The next important data release will be the November Jobs Report. How will the juxtaposition of COVID cases, the expiry of emergency assistance programs, supply chain bottlenecks, and widespread reports of labor shortages affect the employment situation? Powell stated after the last FOMC meeting that it would take a large miss on the November report for the Fed to rethink its plans to taper its QE purchases.

 

This is what reflation looks like.

 

 

Fiscal wildcards

On the other hand, investors will have to deal with the confusing fiscal picture out of Washington. This time, there are simply a lot of balls in the air and many moving parts to fiscal policy. Each issue is separate but related and any one of them could go off the rails and affect fiscal policy and unsettle the markets.
  • Funding the federal government, which can be done with a Continuing Resolution in the short run;
  • The debt ceiling;
  • The infrastructure bill; and
  • The budget reconciliation process.
Here is how Biden’s $3.5 trillion proposals could affect future policy and change the lives of Americans:
  • Transportation: Electric vehicle (EV) subsidies, spending for EV infrastructure like public charging stations, public transport subsidies, especially for rail travel.
  • Healthcare: Expand Medicare coverage to dental, vision, and hearing benefits, free Medicaid coverage for more lower-income Americans, lower drug prices.
  • Child Care and Education: Free daycare for lower-income Americans, two years of free preschool before kindergarten and two free years of community college, and 12 weeks of paid family leave to tend to a sick family member.
I have no idea of how this wish list will play out in the tug-of-war in Washington. Make no mistake that the legislative skills are there for a deal to be done. House Speaker Nancy Pelosi is a vote counter par excellence, Democratic Senator Majority Leader Chuck Schumer understands his caucus, and President Joe Biden enjoys a 90% approval among Democrats and he has a strong legislative record in the Senate.

 

In all likelihood, the Democrats’ ambitious agenda will be watered down. As an example, Biden’s original proposal was to raise the corporate tax rate from 21% to 28%, though expectations were scaled back down to 25%. PredictIt odds show that the chances of no tax increase (21%) or a sub-25% tax rate are rising.

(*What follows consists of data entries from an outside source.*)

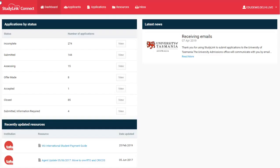Before you can create a new application for a potential student, you first need to create an applicant record. This record contains basic information about the person, including their name, date of birth, and contact details.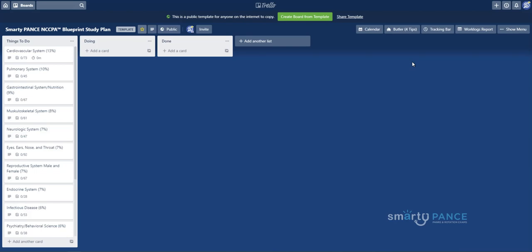Hello, this is Steven Pasquini from the Smarty Pants Board Review website, and today I'm going to share a tool with you that I think will really change and revolutionize the way that you are preparing for and organizing your PANCE study plan.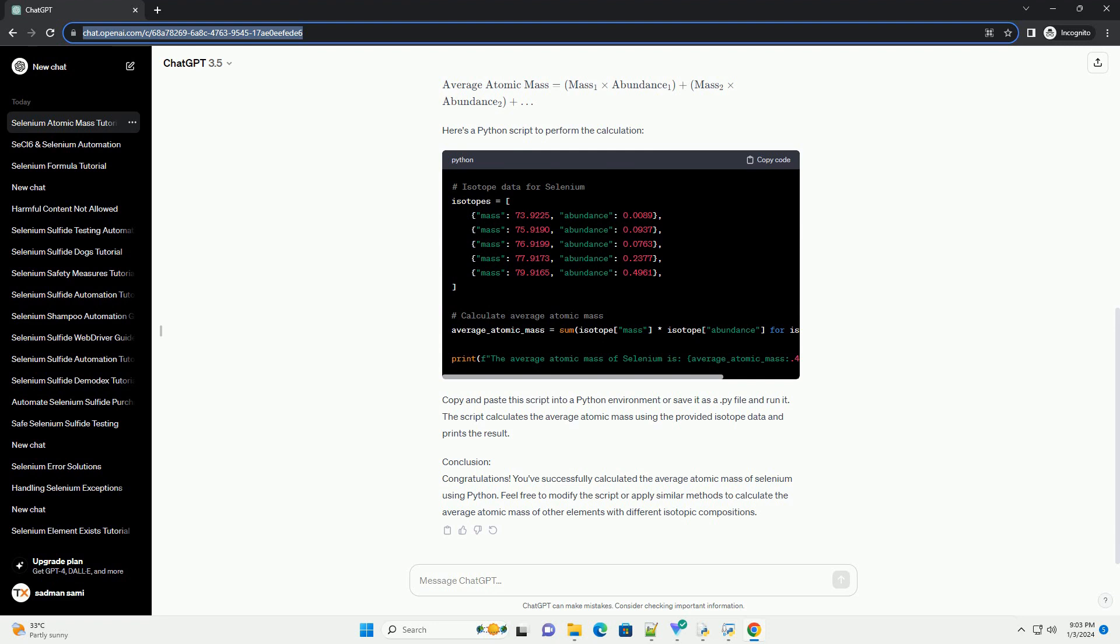Copy and paste the script into a Python environment or save it as a .py file and run it. The script calculates the average atomic mass using the provided isotope data and prints the result.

As a 25% rate has been largely discounted by the market, a lower tax rate would be a welcome surprise for equity investors.

 

 

No analysis of fiscal uncertainty without a word on the German election. Angela Merkel’s CDU/CSU lost their leading status in the Bundestag and came second to the left-of-centre SPD. However, the SPD does not have sufficient seats to form a majority and it will need to seek coalition partners to form a government. The consensus expectation is a “traffic light” coalition of SPD (red), socially liberal but fiscally conservative FDP (yellow), and the Greens.

 

 

For investors, the key question is what happens to Germany’s traditional fiscal conservatism and propensity towards austerity. Both the SPD and Greens favor abandoning Germany’s “debt brake” while the FDP is adamant about keeping it. One trial balloon that has been floated is to give FDP leader Christian Lindner the finance ministry while allowing the Greens to execute their climate initiatives through off balance sheet spending. This solution allows Germany a fiscal boost to foster more growth, but it doesn’t address the issue of a common eurozone budget and greater fiscal integration. In the past, coalition negotiations can take a long time and the public won’t know the results for months.

 

In conclusion, the market may be setting for a period of positive seasonality into year-end, which would be sparked by a reflationary boom. However, a number of important cyclical tripwires have not been triggered. At a minimum and in the short-term, the S&P 500 needs to rally and regain the 50 dma though it is helpfully exhibiting positive RSI divergences as it tests the Evergrande panic lows.